The task » Retype each entry exactly as written, and keep the pictures out of the copy.

(Brief descriptive captions)
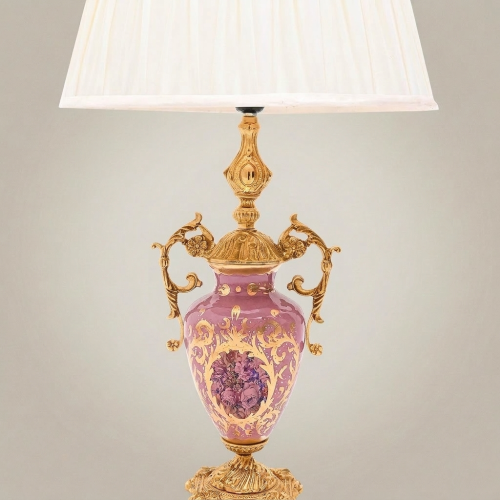 Classical Rococo Hand-Painted Ceramic Urn Table Lamp with Brass Mounts and Ivory Pleated Shade Gold Front | Brass & Wood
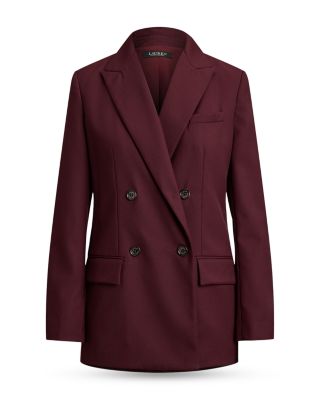 Double Breasted Wool Blend Twill Blazer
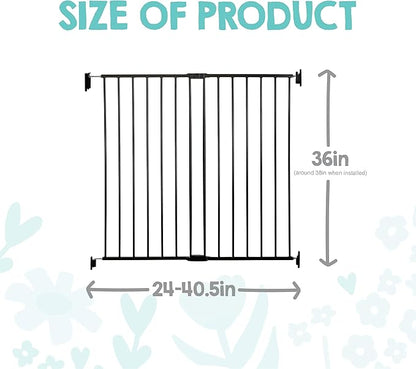 Regalo Safety 36" Extra Tall Baby Gate for Stairs & Doorways, Walk-Through Stair Gate with Door, Hardware Mounted Gate for Babies, Toddlers & Pets, Fits 24"–40.5" Openings, Black
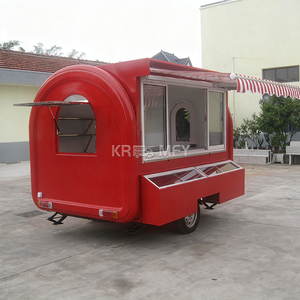 Chariot de vente ambulant extérieur rond avec fenêtre de service pour café et restauration, idéal pour la vente de nourriture en déplacement - Product Image 2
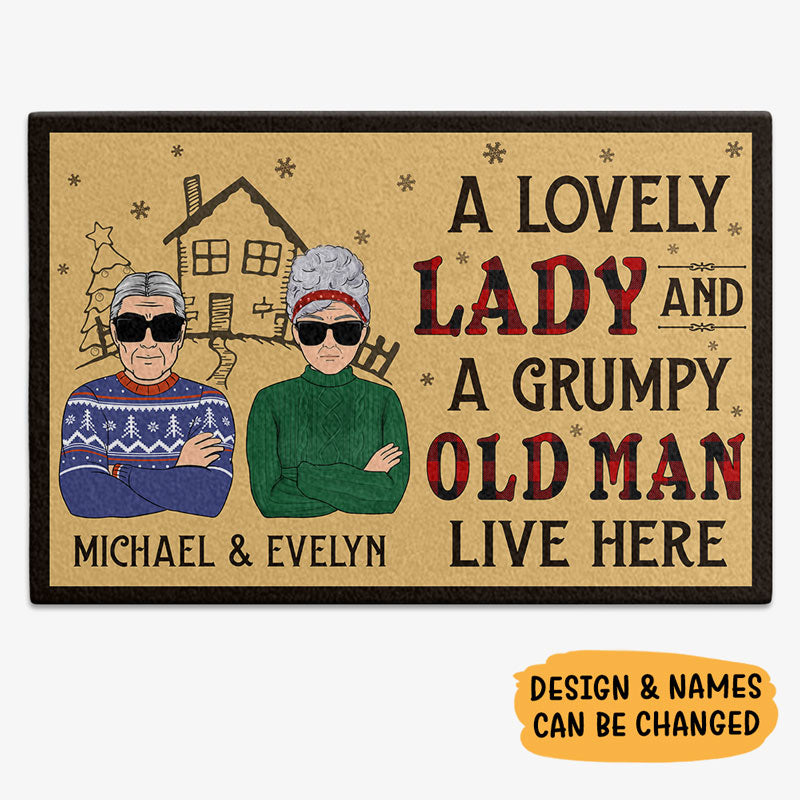 A Lovely Lady And A Grumpy Old Man Live Here, Personalized Doormat, New Home Gift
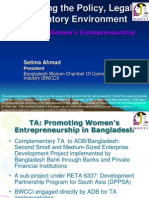 Improving The Policy, Legal Regulatory Environment: Promoting Women's Entrepreneurship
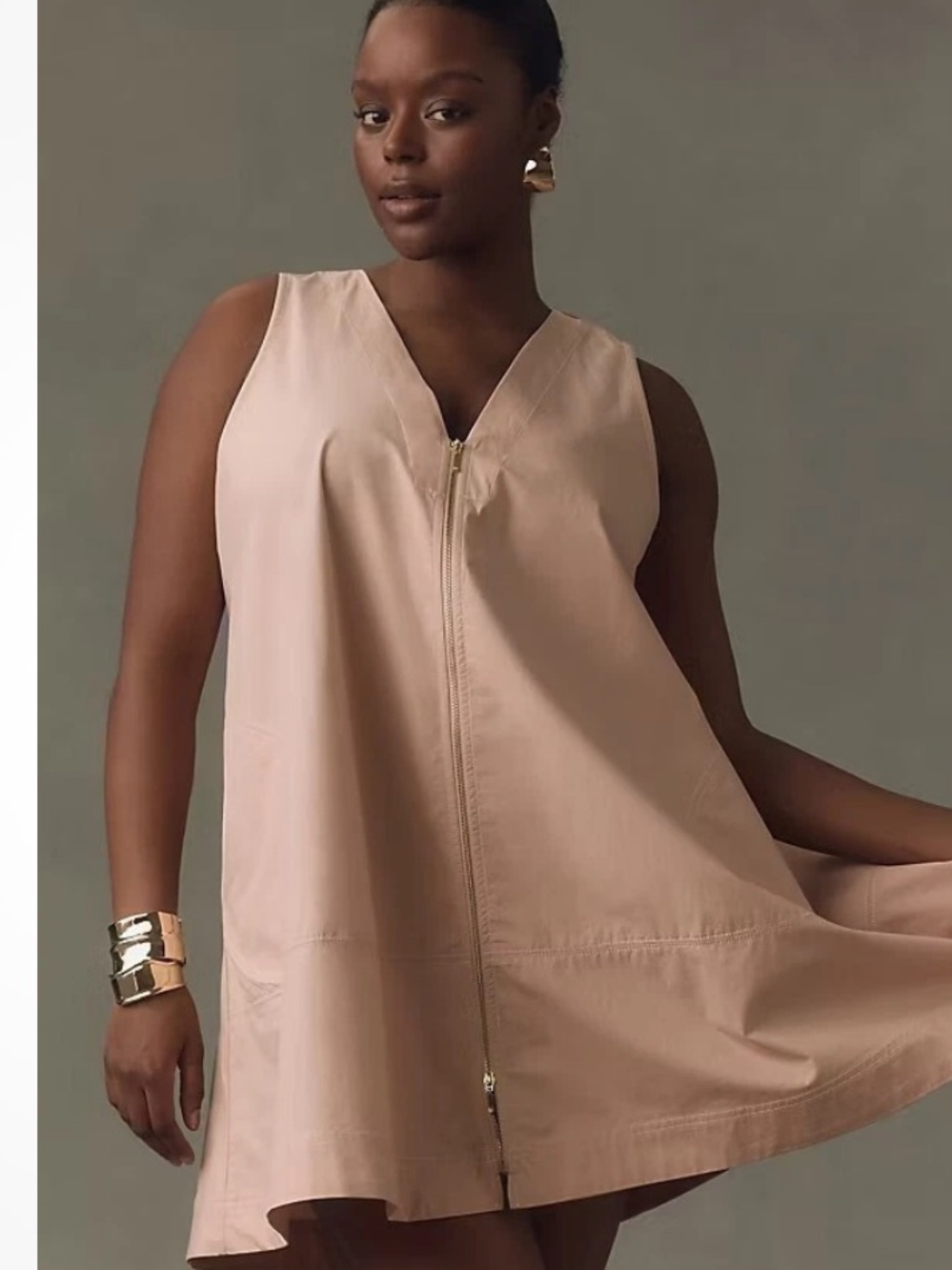 Anthropologie Maeve Blush Pink Zip A-line Swing Dress Tunic Medium Cotton - Picture 4 of 16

Solution to this exercise »
 Classical Rococo Hand-Painted Ceramic Urn Table Lamp with Brass Mounts and Ivory Pleated Shade Gold Front | Brass & Wood
 Double Breasted Wool Blend Twill Blazer
 Regalo Safety 36" Extra Tall Baby Gate for Stairs & Doorways, Walk-Through Stair Gate with Door, Hardware Mounted Gate for Babies, Toddlers & Pets, Fits 24"–40.5" Openings, Black
 Chariot de vente ambulant extérieur rond avec fenêtre de service pour café et restauration, idéal pour la vente de nourriture en déplacement - Product Image 2
 A Lovely Lady And A Grumpy Old Man Live Here, Personalized Doormat, New Home Gift
 Improving The Policy, Legal Regulatory Environment: Promoting Women's Entrepreneurship
 Anthropologie Maeve Blush Pink Zip A-line Swing Dress Tunic Medium Cotton - Picture 4 of 16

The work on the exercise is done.